NJIT's Student Newspaper

The Vector

NJIT's Student Newspaper

The Vector

What Does It Mean to be a Millennial?


“My generation is going to be known for wanting to die and memes.”

This Tumblr quote encapsulates, in a rather on-the-nose way, what it seems to mean to be a “Millennial”. But it is possible Millennials truly are not that different from any other generation.

According to the National Public Radio (NPR), it is true that people born between 1985 and 2003 (also known as “Millennials”) are marrying later, attending college longer, and facing larger student loans than any generation since the 1950’s. Perhaps this does show a shift in priorities, but it is one that evolved largely out of economic need in today’s age. With people retiring well after sixty, many Millennials are more focused on finding a job, as they are one of the most educated yet underemployed generations.

Millennial ideology has proven to differ from previous generations as well. 

But Millennials are not just believed to value different things than the generations before them. There are many stereotypes that have come to haunt Millennials, such as the belief that they’re under-motivated and entitled, that they can not take criticism, and that they hold no respect for tradition. There have been thousands of news articles headlined with “Why Millennials are Killing…”, filled in with everything from the napkin industry, to personal communication. Due to the commonality of these generalizations that are associated with Millennials, they even flood into the workplace, and a simple Google search will provide a thousand more sites articulating “How to Overcome Millennial Stereotypes at Work”.

The general theory for this originates from a combination of parental coddling and a childhood filled with the first cell phones. The millennial stereotypes are said to stem from the notorious, “Participation Trophy”, for standing around in youth recreational sports, increased parental involvement during the early years, and a childhood overflowing with social media and new technology. Yes, these actions may have bred that sense of entitlement and the need to feel special. But maybe Millennials really aren’t that different from any previous generation; maybe the traits associated with being a “Millennial” are not really a “Millennial” thing.

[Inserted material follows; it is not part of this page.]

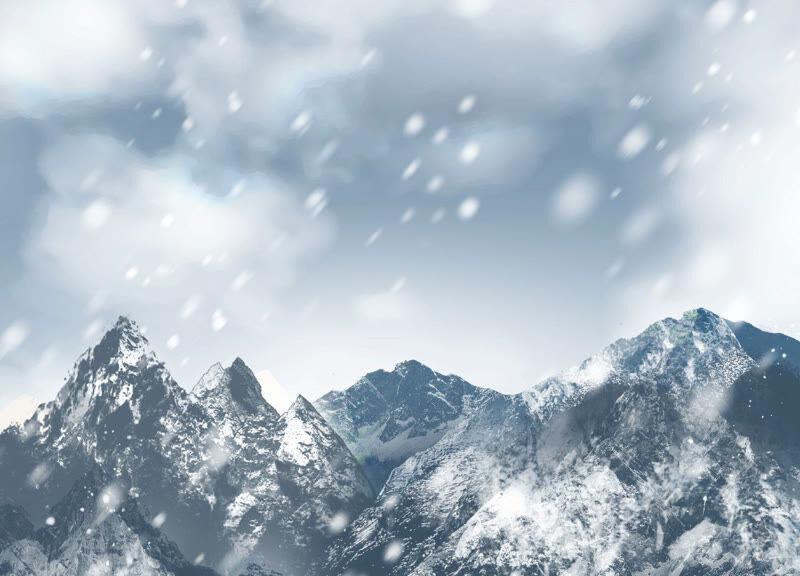 苍兰诀23话 妖市奇闻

Perhaps older generations, like the Baby Boomers, are simply seeing what their parents saw in them when they were young. After all, the GI Generation was appalled at radio, television, and Elvis, and their complaints about the Baby Boomers are quite similar to what the Boomers criticize Millennials for now. While the technology available may be different, the general consensus seems quite simple: “You aren’t doing this the way that I was raised to do this, so what you’re doing must be wrong.”

This is more a testament to a difference in generational thinking than a definitive characteristic of the Millennial generation. Ultimately, being young is about finding oneself. Innovation is the job of the youngest generation; they prepare to run the world in a few decades or less. This mentality of finding your own way to do things in order to produce your best work, regardless of the traditions of past generations, is and has always been a feature of the twenty-something generation. For many Baby Boomers, this desire to succeed in the workplace manifested in the “workaholic” mentality – for Millennials, this desire manifests in the need to find “purpose” and be passionate about their careers and in their lives.

Perhaps this search for a place in the world is an explanation for why Millennials are known for being “job jumpers”. Today, many – young and old – are searching for careers that offer freedom and mobility, not just a job that pays bills. And statistics show that Millennials switch jobs in their first few years of employment no more frequently than any other recent generation did, as research from the Pew Research Center shows that 3.5% more Millennials held a job than their Generation X counterparts between the ages of 18 and 35. So perhaps this is simply another way that the term “Millennial” represents a shift in perspective, not a shift in culture.

Maybe the only thing Millennials are guilty of is having the ability to think more freely. It is true that the advent of technology today brought many new resources to all, allowing people to try new things or learn about other ideas more easily than ever before. Millennials are also recognized for being the most creative in their chosen field of work – their willingness to challenge conventions and innovate is being lauded for pushing businesses forward today.

In a way, Millennials have to thank the Baby Boomers and other generations for allowing them the opportunities to explore the world so freely. It was the drive to create better lives for their children, to learn from their parents mistakes, that encouraged older generations to create a sort of “American Dream” for the younger generations of today. And in a few years, the Millennials will do the same for their children, ensuring that they have the ability to explore themselves and leave their own mark on the world– while warning them against the dangers of overspending on avocado toast, of course.